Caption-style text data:
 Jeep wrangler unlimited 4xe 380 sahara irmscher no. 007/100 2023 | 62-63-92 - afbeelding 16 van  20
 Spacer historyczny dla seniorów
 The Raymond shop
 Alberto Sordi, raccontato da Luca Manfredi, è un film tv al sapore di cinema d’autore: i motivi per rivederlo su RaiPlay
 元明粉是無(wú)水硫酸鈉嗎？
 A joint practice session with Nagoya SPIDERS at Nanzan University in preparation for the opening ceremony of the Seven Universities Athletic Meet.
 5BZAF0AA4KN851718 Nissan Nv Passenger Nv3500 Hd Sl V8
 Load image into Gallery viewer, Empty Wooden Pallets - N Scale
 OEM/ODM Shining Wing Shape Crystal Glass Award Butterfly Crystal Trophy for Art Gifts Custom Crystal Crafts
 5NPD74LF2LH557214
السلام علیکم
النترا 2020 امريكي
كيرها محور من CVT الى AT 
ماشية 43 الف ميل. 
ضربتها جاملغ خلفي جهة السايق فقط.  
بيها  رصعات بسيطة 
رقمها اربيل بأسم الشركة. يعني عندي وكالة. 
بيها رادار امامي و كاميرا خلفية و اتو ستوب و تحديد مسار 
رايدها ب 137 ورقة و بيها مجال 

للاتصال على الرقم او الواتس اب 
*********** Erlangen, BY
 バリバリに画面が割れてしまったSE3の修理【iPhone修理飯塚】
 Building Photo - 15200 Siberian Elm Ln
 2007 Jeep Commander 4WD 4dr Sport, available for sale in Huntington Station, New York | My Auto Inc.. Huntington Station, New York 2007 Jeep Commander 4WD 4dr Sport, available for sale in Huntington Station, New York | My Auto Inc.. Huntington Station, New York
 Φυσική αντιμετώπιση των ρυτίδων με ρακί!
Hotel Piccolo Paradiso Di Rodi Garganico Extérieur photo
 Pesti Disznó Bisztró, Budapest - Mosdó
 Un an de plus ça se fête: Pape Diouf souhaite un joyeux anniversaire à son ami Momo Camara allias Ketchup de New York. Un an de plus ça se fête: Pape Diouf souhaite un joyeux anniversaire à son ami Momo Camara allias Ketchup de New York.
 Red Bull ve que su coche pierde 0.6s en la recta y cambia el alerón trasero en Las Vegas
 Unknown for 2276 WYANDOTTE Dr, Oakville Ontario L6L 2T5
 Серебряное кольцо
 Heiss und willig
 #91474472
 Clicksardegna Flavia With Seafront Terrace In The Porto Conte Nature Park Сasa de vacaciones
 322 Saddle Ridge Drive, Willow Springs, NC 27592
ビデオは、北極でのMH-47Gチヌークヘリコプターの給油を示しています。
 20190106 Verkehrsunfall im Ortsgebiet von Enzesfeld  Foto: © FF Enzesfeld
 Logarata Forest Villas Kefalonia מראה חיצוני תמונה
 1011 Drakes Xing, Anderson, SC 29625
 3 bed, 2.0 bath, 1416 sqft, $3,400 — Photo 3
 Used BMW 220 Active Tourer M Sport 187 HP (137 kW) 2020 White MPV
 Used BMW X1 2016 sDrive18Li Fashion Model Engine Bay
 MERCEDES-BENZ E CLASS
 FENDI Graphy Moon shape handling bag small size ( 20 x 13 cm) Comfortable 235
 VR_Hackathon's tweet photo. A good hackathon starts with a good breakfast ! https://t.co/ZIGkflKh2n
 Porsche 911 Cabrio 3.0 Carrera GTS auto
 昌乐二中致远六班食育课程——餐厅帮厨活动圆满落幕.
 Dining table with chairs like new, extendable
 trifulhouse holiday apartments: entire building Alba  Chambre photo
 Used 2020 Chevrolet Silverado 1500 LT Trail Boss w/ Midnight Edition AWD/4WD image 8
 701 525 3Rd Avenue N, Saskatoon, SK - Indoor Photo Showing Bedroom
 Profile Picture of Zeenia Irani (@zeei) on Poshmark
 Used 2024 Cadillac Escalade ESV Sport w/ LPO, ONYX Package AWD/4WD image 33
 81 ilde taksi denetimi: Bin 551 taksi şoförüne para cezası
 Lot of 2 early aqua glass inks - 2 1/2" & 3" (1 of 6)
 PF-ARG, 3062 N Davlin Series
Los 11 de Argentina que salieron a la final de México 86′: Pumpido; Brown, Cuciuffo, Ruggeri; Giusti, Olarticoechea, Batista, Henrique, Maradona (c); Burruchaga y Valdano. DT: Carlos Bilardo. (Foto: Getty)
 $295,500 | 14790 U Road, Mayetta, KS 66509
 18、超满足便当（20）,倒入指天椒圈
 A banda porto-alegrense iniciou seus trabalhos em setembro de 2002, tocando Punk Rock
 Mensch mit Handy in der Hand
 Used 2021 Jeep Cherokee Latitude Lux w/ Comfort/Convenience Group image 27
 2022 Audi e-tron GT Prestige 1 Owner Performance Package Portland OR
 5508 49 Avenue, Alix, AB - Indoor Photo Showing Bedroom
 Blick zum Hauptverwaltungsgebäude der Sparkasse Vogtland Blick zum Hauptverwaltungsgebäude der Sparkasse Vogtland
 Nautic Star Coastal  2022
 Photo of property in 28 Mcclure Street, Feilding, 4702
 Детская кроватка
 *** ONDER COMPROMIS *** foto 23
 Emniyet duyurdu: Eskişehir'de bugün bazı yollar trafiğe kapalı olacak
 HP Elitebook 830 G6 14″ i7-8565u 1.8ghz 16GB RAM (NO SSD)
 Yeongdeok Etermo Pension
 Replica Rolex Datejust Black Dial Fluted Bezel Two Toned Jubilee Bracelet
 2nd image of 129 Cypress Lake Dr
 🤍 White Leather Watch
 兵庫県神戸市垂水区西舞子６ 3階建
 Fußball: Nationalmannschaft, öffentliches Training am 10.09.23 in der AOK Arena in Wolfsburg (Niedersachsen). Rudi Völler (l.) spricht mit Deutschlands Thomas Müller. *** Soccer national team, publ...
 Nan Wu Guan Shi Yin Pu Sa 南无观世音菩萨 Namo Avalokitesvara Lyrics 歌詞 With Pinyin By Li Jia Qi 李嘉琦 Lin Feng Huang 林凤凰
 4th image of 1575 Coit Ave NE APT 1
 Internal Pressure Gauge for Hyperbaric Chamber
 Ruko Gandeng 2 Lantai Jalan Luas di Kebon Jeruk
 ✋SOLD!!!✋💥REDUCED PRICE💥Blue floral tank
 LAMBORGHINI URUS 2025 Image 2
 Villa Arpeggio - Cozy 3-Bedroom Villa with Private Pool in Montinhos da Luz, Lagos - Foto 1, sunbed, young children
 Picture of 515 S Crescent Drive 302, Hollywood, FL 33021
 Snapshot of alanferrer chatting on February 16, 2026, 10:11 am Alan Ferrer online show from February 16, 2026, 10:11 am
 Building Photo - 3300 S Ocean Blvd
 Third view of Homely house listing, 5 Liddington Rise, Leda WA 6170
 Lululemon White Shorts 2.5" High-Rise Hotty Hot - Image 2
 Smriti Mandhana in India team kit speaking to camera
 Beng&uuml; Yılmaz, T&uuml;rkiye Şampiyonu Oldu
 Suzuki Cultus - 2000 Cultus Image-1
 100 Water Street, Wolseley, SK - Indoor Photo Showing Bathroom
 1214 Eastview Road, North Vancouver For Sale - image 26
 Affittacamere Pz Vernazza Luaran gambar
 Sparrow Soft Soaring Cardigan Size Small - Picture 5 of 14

[The problem] Give back, exactly as written, the stretch from the line with "Used BMW X1" through the line with "兵庫県神戸市垂水区西舞子６ 3階建", and no other lines from the records above.

[Output below]
 Used BMW X1 2016 sDrive18Li Fashion Model Engine Bay
 MERCEDES-BENZ E CLASS
 FENDI Graphy Moon shape handling bag small size ( 20 x 13 cm) Comfortable 235
 VR_Hackathon's tweet photo. A good hackathon starts with a good breakfast ! https://t.co/ZIGkflKh2n
 Porsche 911 Cabrio 3.0 Carrera GTS auto
 昌乐二中致远六班食育课程——餐厅帮厨活动圆满落幕.
 Dining table with chairs like new, extendable
 trifulhouse holiday apartments: entire building Alba  Chambre photo
 Used 2020 Chevrolet Silverado 1500 LT Trail Boss w/ Midnight Edition AWD/4WD image 8
 701 525 3Rd Avenue N, Saskatoon, SK - Indoor Photo Showing Bedroom
 Profile Picture of Zeenia Irani (@zeei) on Poshmark
 Used 2024 Cadillac Escalade ESV Sport w/ LPO, ONYX Package AWD/4WD image 33
 81 ilde taksi denetimi: Bin 551 taksi şoförüne para cezası
 Lot of 2 early aqua glass inks - 2 1/2" & 3" (1 of 6)
 PF-ARG, 3062 N Davlin Series
Los 11 de Argentina que salieron a la final de México 86′: Pumpido; Brown, Cuciuffo, Ruggeri; Giusti, Olarticoechea, Batista, Henrique, Maradona (c); Burruchaga y Valdano. DT: Carlos Bilardo. (Foto: Getty)
 $295,500 | 14790 U Road, Mayetta, KS 66509
 18、超满足便当（20）,倒入指天椒圈
 A banda porto-alegrense iniciou seus trabalhos em setembro de 2002, tocando Punk Rock
 Mensch mit Handy in der Hand
 Used 2021 Jeep Cherokee Latitude Lux w/ Comfort/Convenience Group image 27
 2022 Audi e-tron GT Prestige 1 Owner Performance Package Portland OR
 5508 49 Avenue, Alix, AB - Indoor Photo Showing Bedroom
 Blick zum Hauptverwaltungsgebäude der Sparkasse Vogtland Blick zum Hauptverwaltungsgebäude der Sparkasse Vogtland
 Nautic Star Coastal  2022
 Photo of property in 28 Mcclure Street, Feilding, 4702
 Детская кроватка
 *** ONDER COMPROMIS *** foto 23
 Emniyet duyurdu: Eskişehir'de bugün bazı yollar trafiğe kapalı olacak
 HP Elitebook 830 G6 14″ i7-8565u 1.8ghz 16GB RAM (NO SSD)
 Yeongdeok Etermo Pension
 Replica Rolex Datejust Black Dial Fluted Bezel Two Toned Jubilee Bracelet
 2nd image of 129 Cypress Lake Dr
 🤍 White Leather Watch
 兵庫県神戸市垂水区西舞子６ 3階建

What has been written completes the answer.